Future of The Web – Part I – A History
Last night NESTA played host to Tim Berners-Lee, with a talk under the title “Future of the Web“, followed by a Q&A and panel discussion. I’ll come back to the talk, because I want to start somewhere else first: in the past. The history of the web may well provide the best insight into its future. During the Q&A, Bill Thompson, asked a question that reminded me of a meeting I missed a few decades ago.
My brain is great at holding complex, interconnected models, pulling up random associated facts and remembering faces, but my episodic memory is awful. Seriously, ask me what I had for breakfast. I have no idea. May be you have no idea too? Ok, you don’t know what I had for breakfast, but you know what I am driving at. So, when my brain reminds me of things from three decades ago, I pay attention.
A long, long time ago, I opened a very large package. A very, very large package. In one part was something that looked like a typewriter, except for a sad lack of space to put paper or ink in it. In the other was something that looked like a television, but it was completely unable to receive even BBC1 (in the days when we had less than 4 TV channels in the UK). My dad told me it was going to change the world, and that I should figure out how to use it. My dad was smart like that. He still is.
So, I got to work. I fell in love with that box. Most people that know me will tell you I am still in love with its offspring and distant relatives today. However, there is something in particular that captivated me about it. It wasn’t the ability to type in words and get it to do things – although I did use that capability a lot, and made some very good money in the process, thank you. No, the magic moment for me was when I got another, inauspicious beige box, called a MODEM. A clever box of tricks that allowed the computer to abuse a BT telephone line to talk to other computers. That might have seemed a little pointless to most around me back then, but connecting computers together was rocket science. And everyone knows that boys love rocket science.
I could dial into something called a PAD, and from there, I could hop to another pad (landing pad, get it?) and so on, until I arrived at a big computer on the other side of the world. This was in the days when international phone calls were inconceivably expensive, and when the only americans I had seen were in movies. In fact, even the local phone calls to those PADs resulted in a £1,000 phone bill.

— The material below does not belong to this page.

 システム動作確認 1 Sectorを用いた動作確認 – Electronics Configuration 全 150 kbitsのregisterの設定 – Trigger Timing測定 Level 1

Now, strictly speaking, I shouldn’t have been on that system. In fact, I’d been a little creative in getting the numbers and codes to access it. That sort of creativity wasn’t illegal back then, and truth be told, the administrators knew that I was there and seemed quite ok about it. What harm was a kid like me going to do? They sent me nice messages, and we got on ok.
Later, they did start to get a little fussy. So I, and many others like me, started to write programs for our little machines to do some of the things that those big machines did. And much more too. Some of us got a couple of phone lines and MODEMs. We made our systems available for others to dial in to, creating places where they could leave messages for each other and exchange programs. A kind of electronic bulletin board system, or BBS for short. Those phone lines ran at about 1/1000 the speed of the first version of bluetooth – if you think moving pictures off of your phone is slow, you’ll know why there weren’t any pictures at all.

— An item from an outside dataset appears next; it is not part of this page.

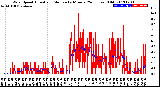 Milwaukee Weather Wind Speed<br>Actual and Median<br>by Minute<br>(24 Hours) (Old)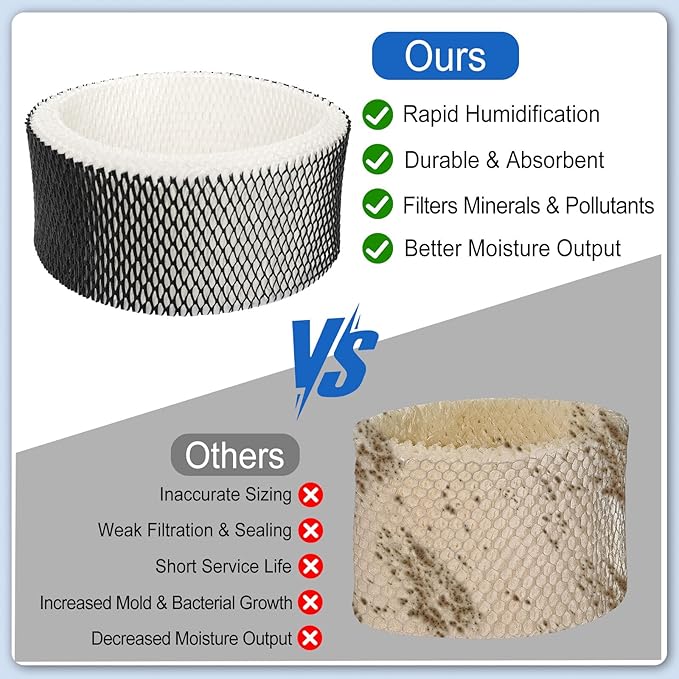 Podoy HWF62 Humidifier Filter Compatible with Holmes Sunbeam Humidifier Filter A, Replace HWF62 HWF62CS HWF62D SCM1100 SCM1701 SCM1702 SCM1762 SF212 HM1300 HM1761 (6 Pack)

Now, of course, we could have got in our cars and met up, but many of us didn’t have cars. To be frank, many of us weren’t the kind to strike up a conversation with a stranger, or to go out and find people to get to know. We weren’t in the social ‘in crowd’. We didn’t know it yet, but we were geeks. Real geeks.

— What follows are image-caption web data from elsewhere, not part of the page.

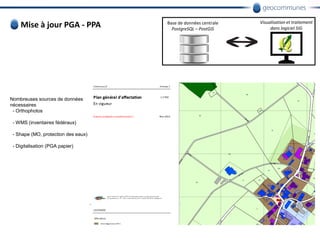 Mise à jour PGA - PPA Base de données centrale
PostgreSQL – PostGIS
Visualisation et traitement
dans logiciel SIG
Nombreuses sources de données
nécessaires
- Orthophotos
- WMS (inventaires fédéraux)
- Shape (MO, protection des eaux)
- Digitalisation (PGA papier)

We exchanged ideas, we explored new ways of using these machines and were generally pretty excited about what we found to do with them. So excited, that we started to meet up face to face, to talk about it all and to swap programs. Then we started to connect our machines together, so that our conversations weren’t isolated in little islands, but flowed like rivers around the world. Mostly, all of this all happened for free, powered by volunteers.
A little while later, I got dragged back to that world of PADs and the systems that belonged to the big people. This time, I was on the inside, as a student and then a lecturer. Those systems were connected together too. A sort of network of networks, or inter-net. Some years later, that was where I first came across hypertext (I’ve written about that before). One of my friends even wrote a program that bypassed the electronic message system and let you send messages directly to another user’s terminal. This was all before the thing that we call the worldwide web.
There’s something about that story. It was all about the people, not about the systems. Together, we steered what happened with the technology, both consciously and unconsciously. A few decades from now, this system I have in front of me, and the Internet it is connected to right now, will seem as alien as that first PC and those early bulletin boards seem now.
Last night Charlie Leadbeater drew some parallels between Internet users and the Levelers, a 17th Century pseudo-political group, who had an agreement to support freedom of the people. I think those early Internet pioneers, the ones who sweated over the fuzzball routers and the ones who ran the BBSs were levelers at heart – creating something much bigger than themselves. Working with high ideals, connecting people in an attempt to build knowledge. It didn’t always go according to those ideals, and some things failed. Charlie said levelers failure was caused by the lack of an economic model. Well, the Internet has an economic model, all be it a very complex one. However, whatever it becomes, it is all about the people.
To be continued…
I found this a very interesting read because I also remember my first computer and the first time I linked to other computers before the internet.
Our first computer was actually a games console that played pong like games. I don’t remember playing the games, but I remember we found the parcel left on the doorstep by the postman and I was completely perplexed about what this thing was and why we would want one. We had a variety of computers after this including a spectrum and the one I remember most vividly the Amstrad CPC 464.
I don’t remember my first time connecting well because I was watching my father doing it and again I was confused about what was going on. I remember there were graphics, but they were simple and came up line and by line and that we won a pen through whatever computer we were connected to, possibly something connected to gold dust??
A wonderful chap (and friend) called Gorgon Laing wrote a photo book: “The Evolution And Design Of The Personal Computer” which is a prize possession. ZX Spectrum, the C64, and many others all in there.
It sounds like it might have been Prestel, which was many UK folks first on-line experience. It used teletext graphics (1K per page!!!) and had loads of colours (like 7 or so). I’d forgotten about that! Thank you, Kate.
I wonder what else I’ve forgotten from those days!